By processing portions of media streams into segments, a presentation can be developed according to a thought-by-thought developmental approach. Each segment (e.g., thought) can be associated with respective audio segment, video segment and block of closed-captioning text. The audio segment and closed-captioning text can be revised and the synchronization of the audio, closed-caption text and video segment can be computationally maintained. The durational properties of the video segment can be modified by adding or dropping frames. In this way, a multiple audio language product can be developed and the synchronization of audio/visual content can be computationally maintained to whichever audio the viewer selects.

BRIEF DESCRIPTION OF THE DRAWINGS

The foregoing and other objects, features and advantages of the invention will be apparent from the following more particular description of embodiments of the invention, as illustrated in the accompanying drawings in which like reference characters refer to the same parts throughout the different views. The drawings are not necessarily to scale, emphasis instead being placed upon illustrating the principles of the invention.

FIGS. 1A-1B are diagrams of a development environment using a time-coder according to an embodiment of the invention.

FIG. 2A is a block diagram depicting the process of synchronizing media in a presentation according to an embodiment of the invention.

FIG. 2B is a block diagram depicting specific functions that occur with a dual media page load according to an embodiment of the invention.

FIGS. 3A-3B are diagrams depicting features of the time-coder controls.

FIG. 4 is a depiction of an animation control/status bar.

DETAILED DESCRIPTION

Consider the situation, for example, where a developer creates a presentation that includes a video stream that is time-coded to an English audio stream. Later, the developer wants to revise the presentation so that instead of having an English audio stream, it has a Vietnamese audio stream. In the past, a developer in this situation, typically, a developer had to modify the video with the new Vietnamese audio, in order to ensure that the video and the new Vietnamese audio are substantially synchronized. The developer would have generally been required to synchronize to the video to the new Vietnamese audio even though the presentation was previously synchronized with the English audio stream. In accordance with particular embodiments of the invention, however, changes to the audio streams in a presentation can be made and the content of presentation can still be substantially synchronized.

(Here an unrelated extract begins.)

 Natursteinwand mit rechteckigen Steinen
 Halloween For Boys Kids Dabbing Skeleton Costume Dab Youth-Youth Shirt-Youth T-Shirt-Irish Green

A presentation can be developed that has a plurality of different audio streams that can be selected. One audio stream, the “first audio stream” can reflect an initial (draft) version of the audio. Alternatively, the first audio stream can be directed to a specific language, such as English. Another audio stream, the “second audio stream” can reflect a final version of the first audio stream. Alternatively, the second audio stream can be directed to a different language, such as Vietnamese. For example, the first audio stream can correspond to an English version and the second audio stream can correspond to the Vietnamese version.

A video stream can be substantially synchronized to a first audio stream, however, this can be difficult because it needs to be done manually. Once the media stream and the first audio stream are substantially synchronized, the media stream can be automatically synchronized to whichever audio stream a viewer may selects.

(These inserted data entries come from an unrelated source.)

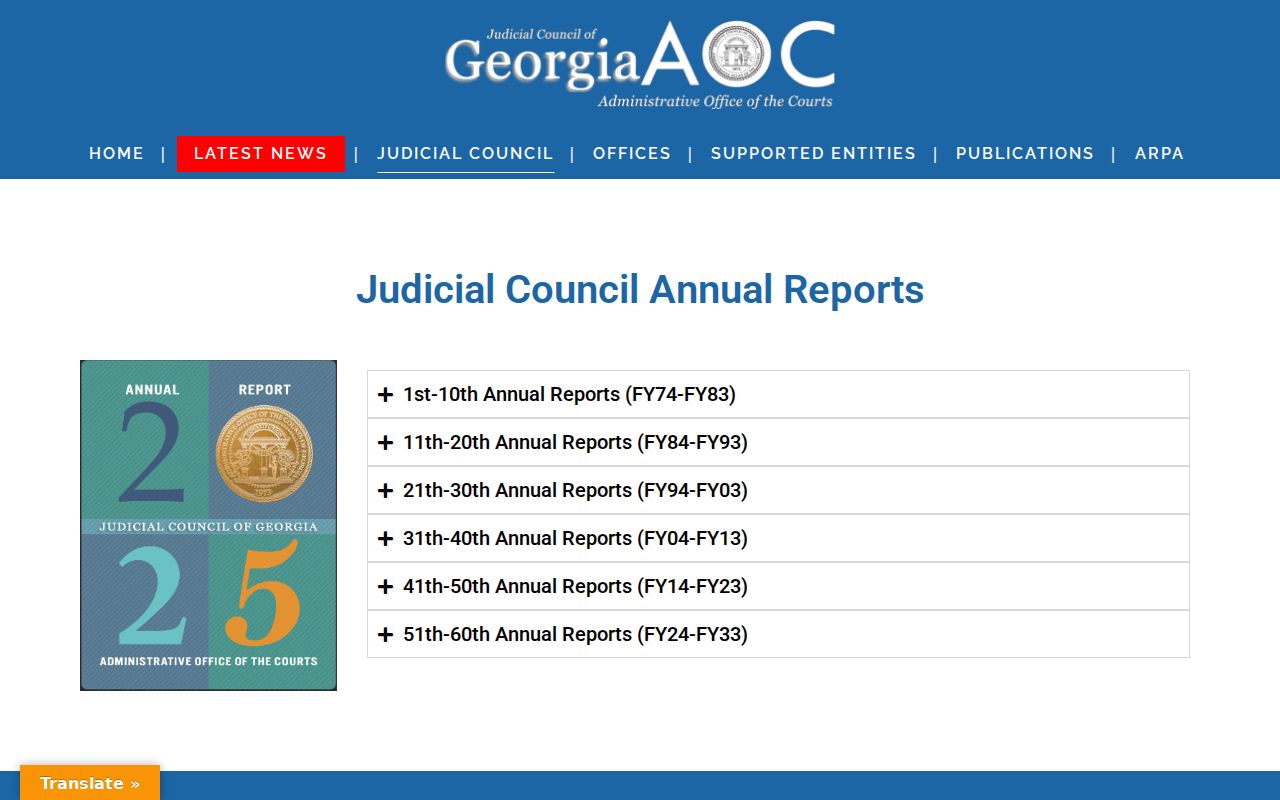 Annual report context for Union Point court records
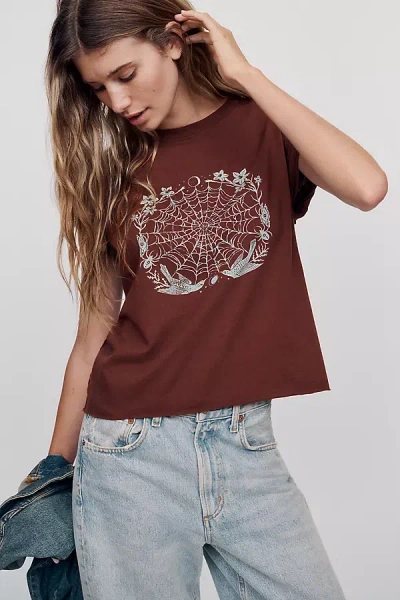Maeve Caitlin Cotton Boxy Tee In Brown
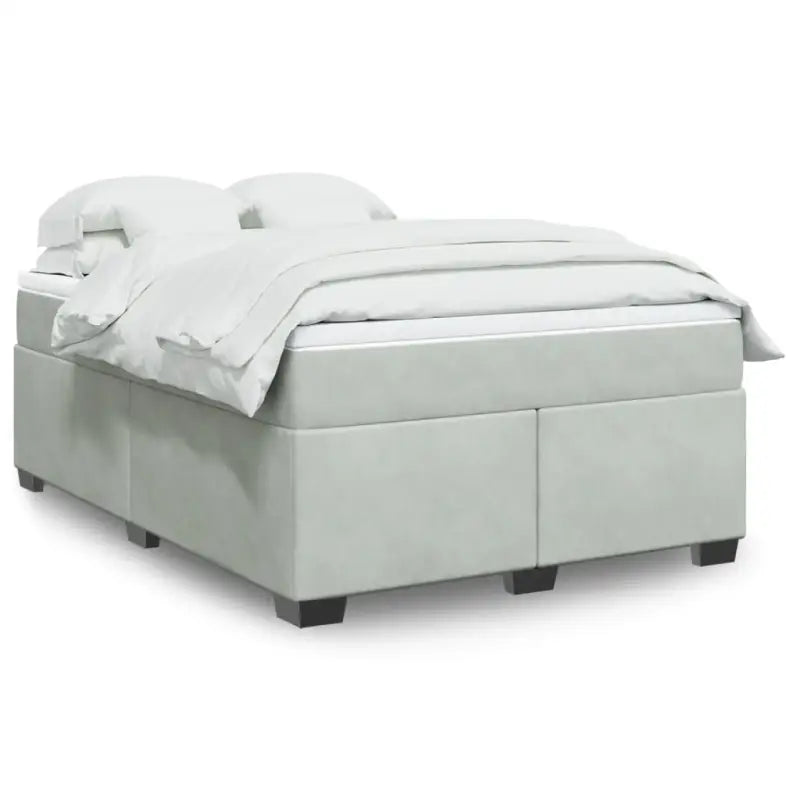 Boxspringbed in donkergrijs materiaal met massief grenenhout bouw - Lichtgrijs / 140 x 190 cm - Bedden & bedframes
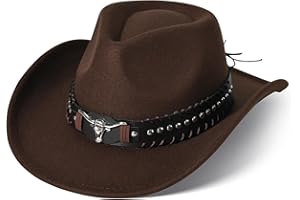 Willheoy Cowboy Hat for Women Western Hat for Men Cowboy Felt Hat Adjustable Outdoor with Shapeable Brim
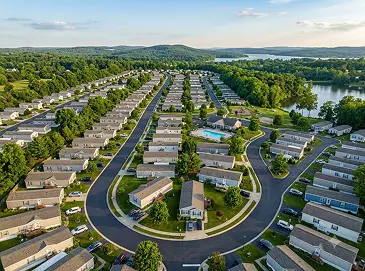 Mobile home park aerial photography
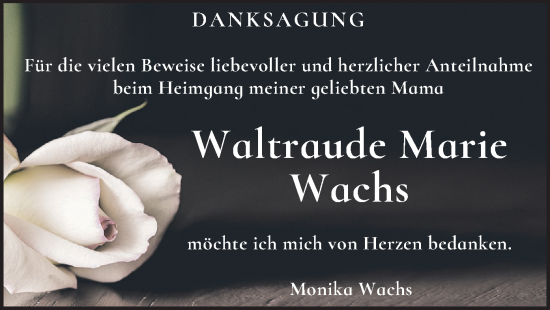 Todesanzeige von Waltraude Marie Wachs von merkurtz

The first audio stream can be partitioned into logical segments, (such as thoughts, phrases sentences or paragraphs). The logical segments can be easily specified by, for example, time-codes to assign closed-caption script to each audio segment.

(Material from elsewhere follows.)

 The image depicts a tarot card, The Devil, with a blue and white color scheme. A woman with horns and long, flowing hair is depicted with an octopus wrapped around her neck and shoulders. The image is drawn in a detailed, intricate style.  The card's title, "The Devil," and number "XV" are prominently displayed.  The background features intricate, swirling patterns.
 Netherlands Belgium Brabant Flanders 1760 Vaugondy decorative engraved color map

A second audio stream (such as a second language) can be created and easily partitioned into logical segments that have a one-to-one correspondence to, but with different duration than, the logical segments of the first audio stream. (If this was a different language, one might add closed-caption script in the new language.) It is desirable that the video be substantially synchronized with the second audio. The invention does this automatically, without difficultly. Once the video stream has been synchronized to the first audio stream and the first audio stream has been partitioned into logical segments, the video stream can be automatically synchronized to any other audio streams that have been partitioned into corresponding logical segments.

At run-time, for example, the video stream can be substantially synchronized to another audio stream. This can be accomplished by comparing the duration of the first audio stream with the second audio stream, and adjusting the duration of the video stream based on this comparison. In particular, the duration of a segment in the first audio stream is compared with the duration of a corresponding segment in the second audio stream. If the duration of the first segment is greater than the duration of the second segment, then frames from the media stream are dropped at regular intervals. If the duration of the first segment is less than the duration of the second segment, then frames in the media stream are repeated at regular intervals.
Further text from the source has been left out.